The National Transportation Safety Board (NTSB), on Sunday, provided details on some of the items recovered from the scene of the helicopter crash that led to the death of the Group Chief Executive Officer of Access Holdings Plc, Herbert Wigwe, his wife, son and other crew members onboard.
The board also provided a brief insight into the aircraft’s flight trajectory before crashing near Halloran Springs in California.
The details were provided by a board member with the NTSB, Michael Graham, during a press briefing held Sunday afternoon in Barstow, California.
At the briefing, Mr Graham notes that they were at the crash scene to gather evidence on Sunday.
PREMIUM TIMES reported the helicopter crash that occurred Friday near the California-Nevada border in the United States of America. On the aircraft were Mr Wigwe, his wife and his son, as well as Abimbola Ogunbanjo, former group chairman of Nigerian Exchange Group Plc (NGX Group), and at least two crew members.
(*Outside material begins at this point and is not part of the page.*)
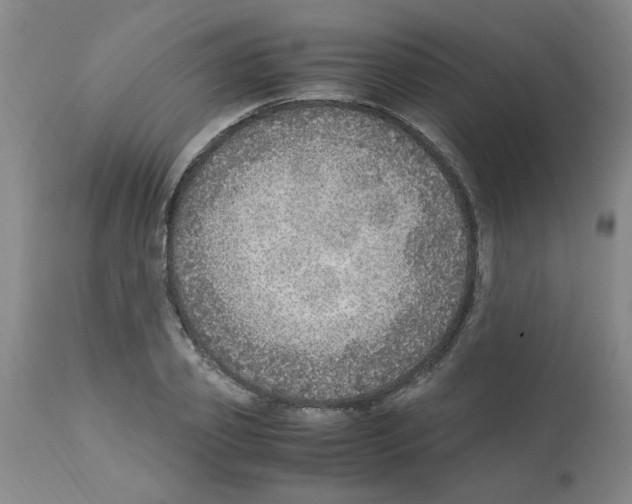 X0000112950933200910051215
The NTSB, an independent agency charged by the US Congress to investigate every civil aviation accident and significant accidents in the other modes of transportation across the United States of America, has since moved to the location to commence investigations into the possible causes of the crash.
Mr Graham said the team began the day’s activities with aerial drone mapping and site documentation of the wreckage, and that the airworthiness group began a detailed examination of the debris field.
“The debris field was approximately 100 yards in length,” he said, noting that all major components of the crashed helicopter were accounted for and identified at the accident site.
The investigators listed the components to include three main rotor blades, the main transmission, the engine, tail rotor landing and gear skids.
Mr Graham said the ADSB data (flight track data) shows that the helicopter was travelling along Interstate 15, approximately 1000 to 1500 feet above ground level.
He noted that near the end of the flight, track data showed a slight right turn, turning south of the interstate and a gradual descent and increasing ground speed.
The official explained that the flight track data ended about a quarter mile from the wreckage location, while the wreckage site shows the helicopter impacted the terrain in a “nose low and right bank angle”.
“Various electronic devices and onboard equipment were recovered at the scene for further examination and Analysis,” he said, adding that the wreckage will moved to a secure location on Tuesday for further examination and analysis.
Rain, wintery mix
Meanwhile, he recalled that during his first briefing on the incident he had mentioned that witnesses reported rain and a wintery mix at the crash location. This, he said, was confirmed by his team.
“Our NTSB meteorologist through weather radar images and data can now support witness reports of precipitation at the time and location of the accident,” Mr Graham said.
“We’re working with Orbic to schedule interviews with key personnel.”
Mr Graham said Sunday’s briefing will be the last on-scene press briefing by the NTSB.
However, the official stated that the unseen portion of the investigation will continue until complete.
“As a reminder, a preliminary report of the accident is expected within 30 days and a full NTSB investigation lasts 12 to 24 months before a final report is issued. Any additional information about the status of the investigation will come from NTSB headquarters in Washington,” he said.